# WHAT THE TASK ASKS:
Would you transcribe all of the data exactly, down to the last character?

--- START ---

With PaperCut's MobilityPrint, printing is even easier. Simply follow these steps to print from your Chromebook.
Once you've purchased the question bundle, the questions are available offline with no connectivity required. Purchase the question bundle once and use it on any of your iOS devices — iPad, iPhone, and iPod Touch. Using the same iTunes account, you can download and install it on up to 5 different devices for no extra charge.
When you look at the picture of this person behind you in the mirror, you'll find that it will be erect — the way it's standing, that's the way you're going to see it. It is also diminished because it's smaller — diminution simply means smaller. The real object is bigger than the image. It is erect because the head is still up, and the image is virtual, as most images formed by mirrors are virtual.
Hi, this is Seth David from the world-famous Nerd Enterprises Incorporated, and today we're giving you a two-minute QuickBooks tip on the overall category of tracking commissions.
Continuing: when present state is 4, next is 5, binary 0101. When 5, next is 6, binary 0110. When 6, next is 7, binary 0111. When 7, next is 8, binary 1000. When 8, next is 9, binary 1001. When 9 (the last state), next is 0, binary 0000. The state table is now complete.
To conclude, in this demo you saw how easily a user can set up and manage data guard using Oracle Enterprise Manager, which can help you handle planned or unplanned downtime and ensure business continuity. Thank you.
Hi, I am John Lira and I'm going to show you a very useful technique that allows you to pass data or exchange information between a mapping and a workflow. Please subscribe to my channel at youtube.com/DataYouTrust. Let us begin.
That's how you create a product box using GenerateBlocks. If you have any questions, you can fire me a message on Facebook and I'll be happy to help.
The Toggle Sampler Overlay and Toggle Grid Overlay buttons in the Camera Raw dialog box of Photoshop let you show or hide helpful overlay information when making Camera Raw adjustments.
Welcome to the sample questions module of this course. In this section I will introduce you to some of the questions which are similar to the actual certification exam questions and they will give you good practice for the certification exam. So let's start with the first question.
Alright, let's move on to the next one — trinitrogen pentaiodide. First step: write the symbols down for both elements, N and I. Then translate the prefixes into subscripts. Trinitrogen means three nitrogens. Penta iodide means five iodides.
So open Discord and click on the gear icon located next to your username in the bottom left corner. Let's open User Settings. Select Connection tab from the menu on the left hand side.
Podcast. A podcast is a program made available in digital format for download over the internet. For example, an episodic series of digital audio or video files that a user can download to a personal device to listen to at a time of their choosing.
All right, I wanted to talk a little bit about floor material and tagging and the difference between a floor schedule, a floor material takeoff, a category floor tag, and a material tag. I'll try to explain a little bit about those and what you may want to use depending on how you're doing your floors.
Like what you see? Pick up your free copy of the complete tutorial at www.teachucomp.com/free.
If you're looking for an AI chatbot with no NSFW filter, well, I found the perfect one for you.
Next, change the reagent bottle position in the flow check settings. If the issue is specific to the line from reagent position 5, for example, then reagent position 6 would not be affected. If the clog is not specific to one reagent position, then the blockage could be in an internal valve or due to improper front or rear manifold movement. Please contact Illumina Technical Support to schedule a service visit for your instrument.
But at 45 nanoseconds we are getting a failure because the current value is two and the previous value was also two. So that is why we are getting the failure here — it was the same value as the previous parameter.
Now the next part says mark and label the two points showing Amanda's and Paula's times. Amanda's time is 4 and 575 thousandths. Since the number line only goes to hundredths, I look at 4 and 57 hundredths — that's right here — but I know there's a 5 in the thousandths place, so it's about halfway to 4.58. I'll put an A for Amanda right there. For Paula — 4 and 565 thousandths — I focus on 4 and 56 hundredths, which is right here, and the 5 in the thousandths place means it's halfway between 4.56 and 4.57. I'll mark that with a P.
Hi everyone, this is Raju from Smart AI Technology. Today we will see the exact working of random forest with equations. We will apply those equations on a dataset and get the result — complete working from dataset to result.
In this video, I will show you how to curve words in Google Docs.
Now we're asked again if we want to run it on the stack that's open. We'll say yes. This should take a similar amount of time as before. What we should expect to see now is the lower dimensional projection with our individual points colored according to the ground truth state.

--- END ---

# ANSWER FOR THIS EXERCISE:
With PaperCut's MobilityPrint, printing is even easier. Simply follow these steps to print from your Chromebook.
Once you've purchased the question bundle, the questions are available offline with no connectivity required. Purchase the question bundle once and use it on any of your iOS devices — iPad, iPhone, and iPod Touch. Using the same iTunes account, you can download and install it on up to 5 different devices for no extra charge.
When you look at the picture of this person behind you in the mirror, you'll find that it will be erect — the way it's standing, that's the way you're going to see it. It is also diminished because it's smaller — diminution simply means smaller. The real object is bigger than the image. It is erect because the head is still up, and the image is virtual, as most images formed by mirrors are virtual.
Hi, this is Seth David from the world-famous Nerd Enterprises Incorporated, and today we're giving you a two-minute QuickBooks tip on the overall category of tracking commissions.
Continuing: when present state is 4, next is 5, binary 0101. When 5, next is 6, binary 0110. When 6, next is 7, binary 0111. When 7, next is 8, binary 1000. When 8, next is 9, binary 1001. When 9 (the last state), next is 0, binary 0000. The state table is now complete.
To conclude, in this demo you saw how easily a user can set up and manage data guard using Oracle Enterprise Manager, which can help you handle planned or unplanned downtime and ensure business continuity. Thank you.
Hi, I am John Lira and I'm going to show you a very useful technique that allows you to pass data or exchange information between a mapping and a workflow. Please subscribe to my channel at youtube.com/DataYouTrust. Let us begin.
That's how you create a product box using GenerateBlocks. If you have any questions, you can fire me a message on Facebook and I'll be happy to help.
The Toggle Sampler Overlay and Toggle Grid Overlay buttons in the Camera Raw dialog box of Photoshop let you show or hide helpful overlay information when making Camera Raw adjustments.
Welcome to the sample questions module of this course. In this section I will introduce you to some of the questions which are similar to the actual certification exam questions and they will give you good practice for the certification exam. So let's start with the first question.
Alright, let's move on to the next one — trinitrogen pentaiodide. First step: write the symbols down for both elements, N and I. Then translate the prefixes into subscripts. Trinitrogen means three nitrogens. Penta iodide means five iodides.
So open Discord and click on the gear icon located next to your username in the bottom left corner. Let's open User Settings. Select Connection tab from the menu on the left hand side.
Podcast. A podcast is a program made available in digital format for download over the internet. For example, an episodic series of digital audio or video files that a user can download to a personal device to listen to at a time of their choosing.
All right, I wanted to talk a little bit about floor material and tagging and the difference between a floor schedule, a floor material takeoff, a category floor tag, and a material tag. I'll try to explain a little bit about those and what you may want to use depending on how you're doing your floors.
Like what you see? Pick up your free copy of the complete tutorial at www.teachucomp.com/free.
If you're looking for an AI chatbot with no NSFW filter, well, I found the perfect one for you.
Next, change the reagent bottle position in the flow check settings. If the issue is specific to the line from reagent position 5, for example, then reagent position 6 would not be affected. If the clog is not specific to one reagent position, then the blockage could be in an internal valve or due to improper front or rear manifold movement. Please contact Illumina Technical Support to schedule a service visit for your instrument.
But at 45 nanoseconds we are getting a failure because the current value is two and the previous value was also two. So that is why we are getting the failure here — it was the same value as the previous parameter.
Now the next part says mark and label the two points showing Amanda's and Paula's times. Amanda's time is 4 and 575 thousandths. Since the number line only goes to hundredths, I look at 4 and 57 hundredths — that's right here — but I know there's a 5 in the thousandths place, so it's about halfway to 4.58. I'll put an A for Amanda right there. For Paula — 4 and 565 thousandths — I focus on 4 and 56 hundredths, which is right here, and the 5 in the thousandths place means it's halfway between 4.56 and 4.57. I'll mark that with a P.
Hi everyone, this is Raju from Smart AI Technology. Today we will see the exact working of random forest with equations. We will apply those equations on a dataset and get the result — complete working from dataset to result.
In this video, I will show you how to curve words in Google Docs.
Now we're asked again if we want to run it on the stack that's open. We'll say yes. This should take a similar amount of time as before. What we should expect to see now is the lower dimensional projection with our individual points colored according to the ground truth state.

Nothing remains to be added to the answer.